Wednesday 1 April 2015

Queens of England by Mary Hoffman

No April Fools here - this is no joking matter.


Here are two splendid volumes written by Elizabeth Norton and published by Amberley Press that will sort you out once and for all about English queens both regnant and consort. Read in conjunction with Helen Castor's splendid She-Wolves and Sarah Gristwood's Blood Sisters, they will earn a place on many a writer's reference shelves.

It was a bit of a surprise to find the first book's opening section containing Guinevere but it was headed The Early and Mythical Queens. We start properly with Boudica and the much less well-known Cartimandua. There is no pictorial representation of Boudica (though a subject beloved of 19th century painters and sculptors, there seem to be no contemporary images of her) but I can't guarantee you will never feel the same about her once you read what she did to the women of the Roman settlement in London.

Queen Bertha in stained glass at Canterbury Cathedral. Image courtesy of Elizabeth Norton.
Queen Bertha (539 - c. 612) was the wife of King Ethelbert of Kent and is important for being credited with bringing Christianity to England. She certainly had Pope Gregory's blessing to try and she managed to convince her husband to be baptised.
From a thirteenth-century English Manuscript. © Jonathan Reeve
This much later picture shows a medieval king and queen embracing and I'm hoping that Bertha and Ethelbert handled his conversion as affectionately.

From Liber Regalis (Coronation Book of Richard II) executed in 1377 or 1378. © Jonathan Reeve



There seems to be evidence that Richard ll was very attached to his first wife, Anne of Bohemia. She was a religious reformer too, ordering an English translation of the Gospels,  and the daughter of the Holy Roman Emperor. She died, like so many of the English queens consort, before the age of thirty, but not of childbirth. The teenage couple enjoyed a luxurious life together until her death from the plague in 1394 left Richard bereft. His second wife, Isabella of Valois, was a mere child but by all accounts the king was kind to her. The queen in Shakespeare's play is an amalgam of the two.
          
Elizabeth Woodville. (Ripon Cathedral portrait)                  

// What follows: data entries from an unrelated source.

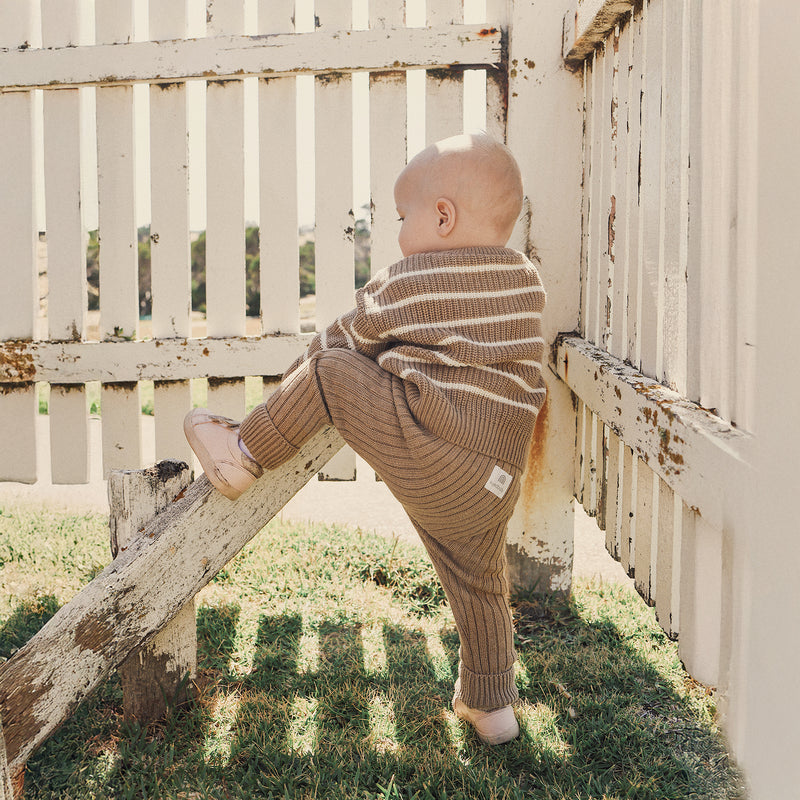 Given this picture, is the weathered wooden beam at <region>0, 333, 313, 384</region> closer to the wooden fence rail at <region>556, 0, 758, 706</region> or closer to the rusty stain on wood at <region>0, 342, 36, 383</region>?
the rusty stain on wood at <region>0, 342, 36, 383</region>

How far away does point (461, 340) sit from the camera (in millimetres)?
1626

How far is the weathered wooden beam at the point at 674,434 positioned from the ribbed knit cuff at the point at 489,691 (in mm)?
634

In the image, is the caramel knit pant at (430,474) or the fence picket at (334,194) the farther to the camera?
the fence picket at (334,194)

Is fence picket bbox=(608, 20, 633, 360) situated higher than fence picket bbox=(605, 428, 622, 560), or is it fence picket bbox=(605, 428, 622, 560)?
fence picket bbox=(608, 20, 633, 360)

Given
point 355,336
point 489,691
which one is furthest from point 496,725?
point 355,336

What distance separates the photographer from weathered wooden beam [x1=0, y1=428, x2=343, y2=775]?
164 centimetres

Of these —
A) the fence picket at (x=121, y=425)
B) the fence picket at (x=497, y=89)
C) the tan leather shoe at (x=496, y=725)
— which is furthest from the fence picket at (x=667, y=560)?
the fence picket at (x=121, y=425)

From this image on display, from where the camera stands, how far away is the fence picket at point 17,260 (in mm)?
2603

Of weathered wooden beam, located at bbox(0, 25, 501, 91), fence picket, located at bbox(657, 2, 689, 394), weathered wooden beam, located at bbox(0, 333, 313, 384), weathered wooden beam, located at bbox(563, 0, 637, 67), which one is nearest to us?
fence picket, located at bbox(657, 2, 689, 394)

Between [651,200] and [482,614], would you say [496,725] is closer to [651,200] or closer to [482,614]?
[482,614]

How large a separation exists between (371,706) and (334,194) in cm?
159

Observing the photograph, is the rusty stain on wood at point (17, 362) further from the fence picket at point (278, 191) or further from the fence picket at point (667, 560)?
the fence picket at point (667, 560)

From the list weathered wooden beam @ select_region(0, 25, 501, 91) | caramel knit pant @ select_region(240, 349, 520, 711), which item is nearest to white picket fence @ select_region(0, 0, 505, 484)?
weathered wooden beam @ select_region(0, 25, 501, 91)

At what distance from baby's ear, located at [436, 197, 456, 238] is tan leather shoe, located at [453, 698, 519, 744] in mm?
1091
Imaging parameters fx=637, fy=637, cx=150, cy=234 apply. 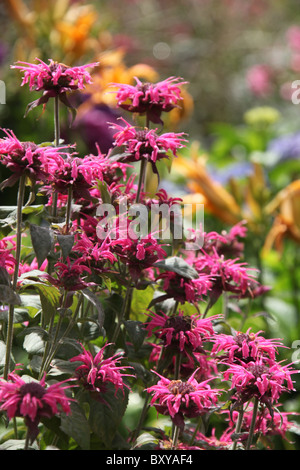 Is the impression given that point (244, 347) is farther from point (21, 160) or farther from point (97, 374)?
point (21, 160)

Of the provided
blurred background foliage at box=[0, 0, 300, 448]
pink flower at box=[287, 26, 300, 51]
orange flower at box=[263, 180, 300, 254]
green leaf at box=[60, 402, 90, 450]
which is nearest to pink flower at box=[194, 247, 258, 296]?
blurred background foliage at box=[0, 0, 300, 448]

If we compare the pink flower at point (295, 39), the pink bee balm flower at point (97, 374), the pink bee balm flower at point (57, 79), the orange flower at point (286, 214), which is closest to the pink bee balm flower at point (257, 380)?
the pink bee balm flower at point (97, 374)

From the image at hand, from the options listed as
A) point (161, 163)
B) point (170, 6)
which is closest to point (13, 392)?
point (161, 163)

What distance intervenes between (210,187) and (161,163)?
2.19 ft

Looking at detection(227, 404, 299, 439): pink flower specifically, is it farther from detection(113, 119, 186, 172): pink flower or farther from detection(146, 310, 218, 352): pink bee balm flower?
detection(113, 119, 186, 172): pink flower

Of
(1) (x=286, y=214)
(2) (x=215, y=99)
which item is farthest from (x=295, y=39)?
(1) (x=286, y=214)

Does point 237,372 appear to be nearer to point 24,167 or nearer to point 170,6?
point 24,167

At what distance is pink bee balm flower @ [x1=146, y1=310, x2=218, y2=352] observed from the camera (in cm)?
61

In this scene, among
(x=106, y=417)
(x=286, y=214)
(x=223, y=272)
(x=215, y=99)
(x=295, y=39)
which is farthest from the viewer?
(x=215, y=99)

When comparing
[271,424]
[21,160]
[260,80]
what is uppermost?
[260,80]

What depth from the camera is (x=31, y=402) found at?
1.56 ft

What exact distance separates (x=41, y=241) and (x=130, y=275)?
12cm
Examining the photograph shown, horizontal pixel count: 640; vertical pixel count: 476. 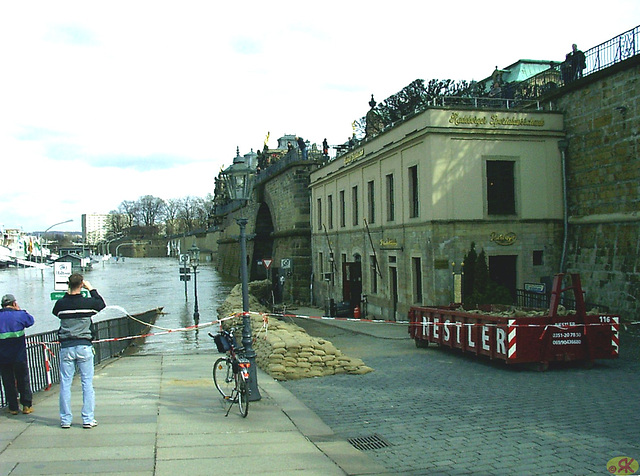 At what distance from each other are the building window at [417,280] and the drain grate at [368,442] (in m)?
15.5

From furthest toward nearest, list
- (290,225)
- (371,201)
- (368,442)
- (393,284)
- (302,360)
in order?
(290,225) < (371,201) < (393,284) < (302,360) < (368,442)

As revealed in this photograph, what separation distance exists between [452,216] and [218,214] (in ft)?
265

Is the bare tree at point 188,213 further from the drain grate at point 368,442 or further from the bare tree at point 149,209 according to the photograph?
the drain grate at point 368,442

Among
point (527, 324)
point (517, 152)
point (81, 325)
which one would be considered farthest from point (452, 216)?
point (81, 325)

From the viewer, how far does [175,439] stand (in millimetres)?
7215

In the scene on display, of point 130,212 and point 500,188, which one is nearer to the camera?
point 500,188

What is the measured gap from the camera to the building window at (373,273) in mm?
27519

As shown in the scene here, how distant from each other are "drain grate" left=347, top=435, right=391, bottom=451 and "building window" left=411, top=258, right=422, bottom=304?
50.8ft

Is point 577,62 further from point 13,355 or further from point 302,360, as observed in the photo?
point 13,355

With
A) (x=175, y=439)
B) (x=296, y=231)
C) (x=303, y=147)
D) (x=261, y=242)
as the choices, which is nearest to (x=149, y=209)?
(x=261, y=242)

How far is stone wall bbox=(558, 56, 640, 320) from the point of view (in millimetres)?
18969

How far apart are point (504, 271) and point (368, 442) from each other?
16.1m

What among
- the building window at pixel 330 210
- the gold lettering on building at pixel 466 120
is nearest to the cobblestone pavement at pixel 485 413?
the gold lettering on building at pixel 466 120

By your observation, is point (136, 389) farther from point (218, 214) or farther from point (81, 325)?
point (218, 214) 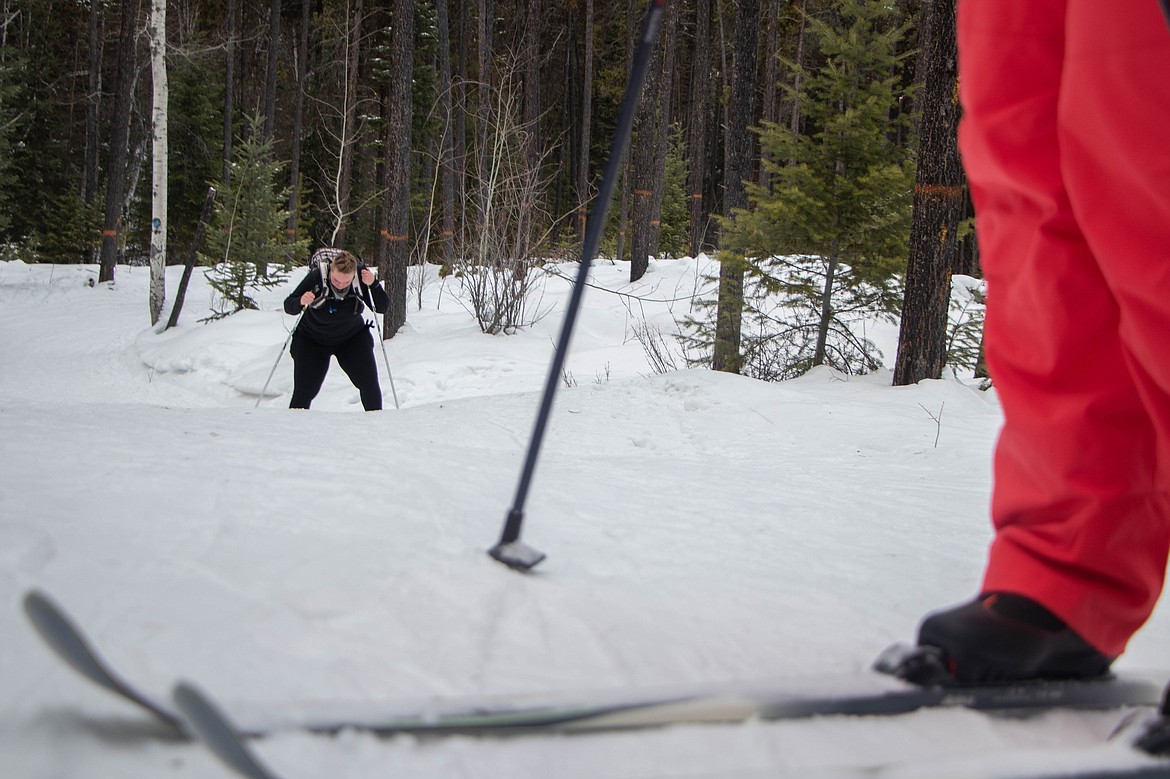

Shakespeare gave us other queen consorts, including Elizabeth Woodville, wife of Edward lV, later presented in the fiction of Philippa Gregory as the White Queen. It was a love match - or at least a lust match, with Elizabeth being a widow with two sons when Edward's roving eye lighted on her. She played her hand well, holding out for marriage but the marriage with someone other than an European Royal princess infuriated many of his entourage including the Earl of Warwick. And Elizabeth had a vast family, who gained influential titles and positions.


Elizabeth of York
(Ripon Cathedral portrait)

When the Cousins' War ended with the accession of Henry Tudor, he needed to bolster his claim to the throne by marrying the Lancastrian strain to that of York and he chose Elizabeth of York, oldest daughter of Edward lV and Elizabeth Woodville. She had narrowly escaped being married to her uncle, Richard lll. There have been rumours that she would not have minded this as much as you would think.

Mary Tudor
Image courtesy of Ripon Cathedral.


Sometimes it's hard to remember that the first queen regnant of England was Mary Tudor, so overshadowed is her reputation by that of her more charismatic younger sister, Elizabeth the First. The second volume begins with Mary's mother, Catherine of Aragon - surely England's saddest queen. (Though her daughter runs her a close second).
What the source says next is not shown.